I don’t know if he’s right about the mainstream media not providing any context for this or not. I’ve been avoiding the mainstream news recently because I don’t trust them to report anything objectively. It could be that they have provided some context. But there are powerful forces at work demanding that we go in and attack Iran. Iran’s been on the Neocons’ list of countries, whose governments they want overthrown since 1995. I don’t know what’ll happen in Israel, because of the way the elections resulted in a tie between Netanyahu’s murderous coalition and their equally nationalistic rivals. But Netanyahu and the Israeli right have also pushed for war with Iran, because Iran backs the Palestinians and wants to wipe Israel off the face of the Earth. And America backs Israel, despite opposition from pro-Palestinian groups, including a sizable and growing number of Jewish Americans.

An Iranian gent, Reza Cage, left this comment pleading for peace on the YouTube page for this video. Here it is.

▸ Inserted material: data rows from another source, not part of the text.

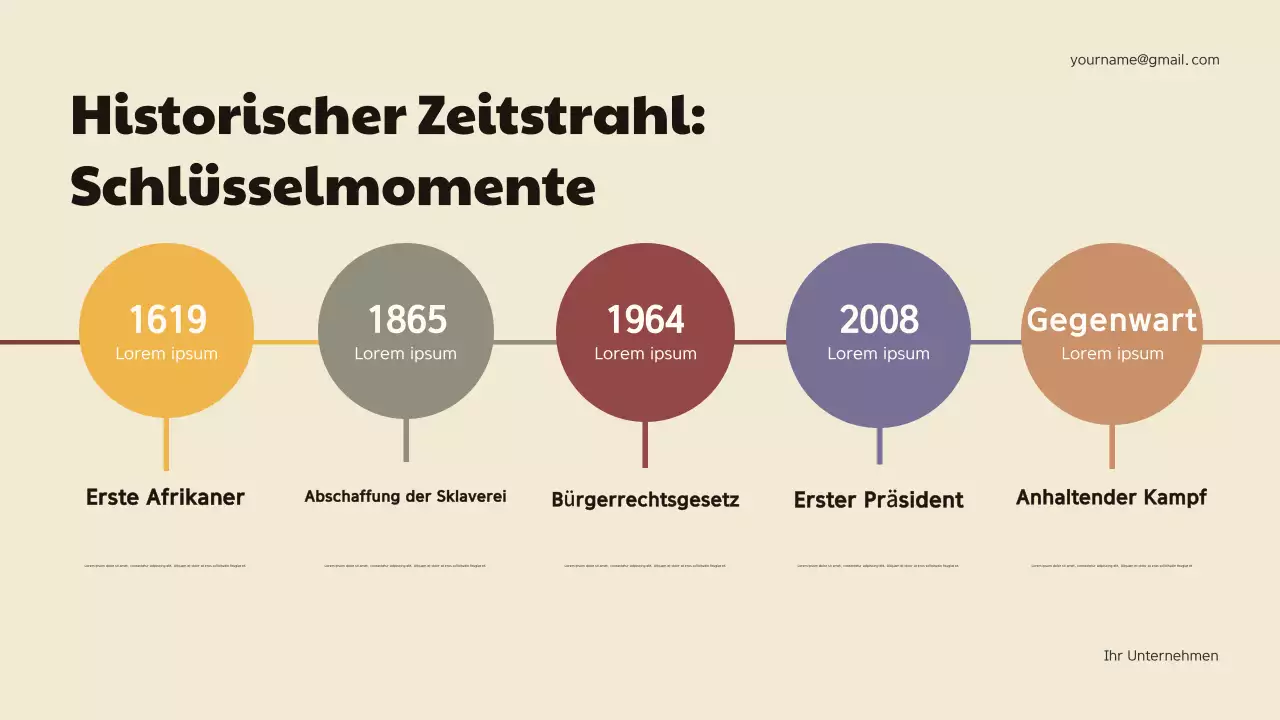 Ankündigung der Geschichte der kastanienbraunen Geometrie Präsentation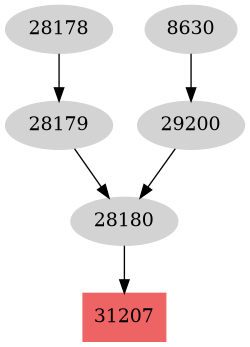 Dependency graph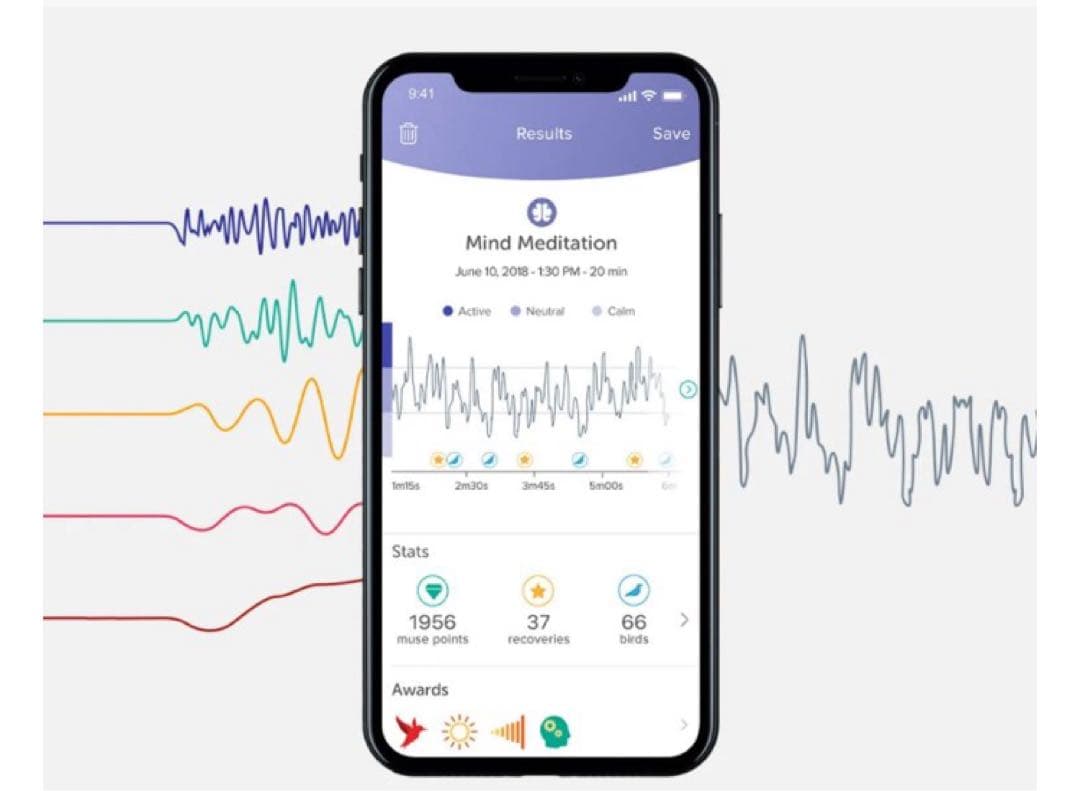 定価44000円】脳活動計測デバイス　MUSE 2 【未開封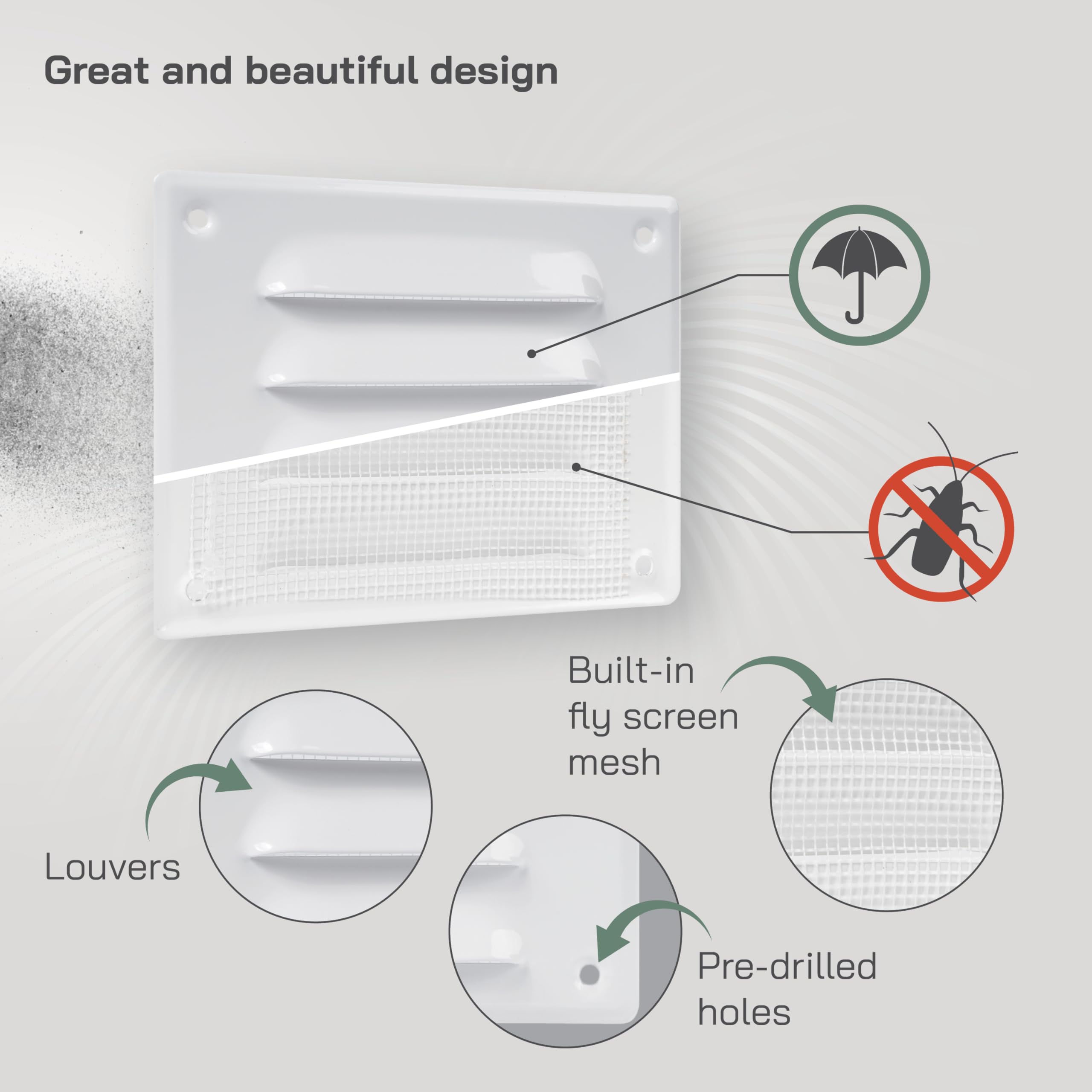 Vent Systems 5.5" x 4" Inch (Overall Dimensions) - White - Air Vent Cover - Metal Air Return Grill with Built-in Protection Mesh - HVAC Vent Duct Cover for Home Improvement - Image 3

I am an Iranian living in Tehran, this terrifies me. For you guys it’a not big deal because your families and children will be safe not our.. most iranian just want peace we are not that different from you.. Edit: thank you my brothers and sisters for your support, I am overwhelmed by your (mostly) kind messages it gives me a tiny bit of hope in this time of chaos.I know our government in Iran is not good they are a minority with guns and weapons controlling a country mostly youth who are pro west and liberal to stay in power. That being said everything was peaceful under the nuclear agreement even American navy members were captured and immediately released this Trump has ruined this and our already right wing government has become aggressive. I want change in our country but it must happen from the inside not through war and killing this will only make majority of youth on your side despise you because no doubt their lives will be ruined.
His thanks to the other commenters for their replies is due to them having posted something like 355 replies when last I looked, mostly supporting him. And I don’t doubt that Agha Cage is right. There are right-wing hawks in the Iranian government, who’d love to push the country even further to the right by engaging in a war with America and the West. And of course, if we did invade, most of the Iranian young people would hate us. Because however much they hate their government, they, like everyone else, loves their country. The late Corinne Souza, whose father was an Iraqi dissident, said pretty much the same about our invasion of her father’s country. Before we invaded, there were Iraqis willing to work with us to bring down Saddam Hussein’s regime. But this stopped after we invaded, because we were the aggressors. And it’ll happen again if we invade Iran, along with all the other horrors we’ve seen in Iraq and elsewhere in the Middle East.
I’ve made it very clear that I have little time or sympathy for the Iranian government. They are oppressive theocrats,  impoverishing their people and plundering their country to enrich themselves. But the Islamic revolution which installed the current regime came about because we oppressed and exploited them. We overthrew the last of the Qajar shahs in the early 20th century and installed the Pahlavis as the Qajars couldn’t repay the loans we’d given them to modernise the country. When Mossadeq nationalised the Iranian oil industry in the 1950s, we arranged a coup to overthrow him as Prime Minister. This led to the Shah’s ‘White Revolution’ in which the monarchy seized absolute power, ruling through torture and fear. I’ve met Iranians over here, whose friends vanished, thanks to the Shah’s murderous secret police. Florence, one of the great commenters on this blog, was active in the British protests in the 1970s against Britain’s support for murderous Fascistic tyrants like the Shah. If we join the Americans in an invasion of Iran, it won’t be to liberate the Iranian people. It’ll just be like the Gulf War over again – done so that the Saudis can seize their oil reserves, the Neocons can remove another enemy of Israel, and western multinationals can loot the country and its state enterprises.
We got no business sending our courageous young women and men to lose life and limb in the Middle East again, murdering people who’ve never invaded us, simply to make the likes of Boris, Trump and the Bush family even more obscene amounts of money.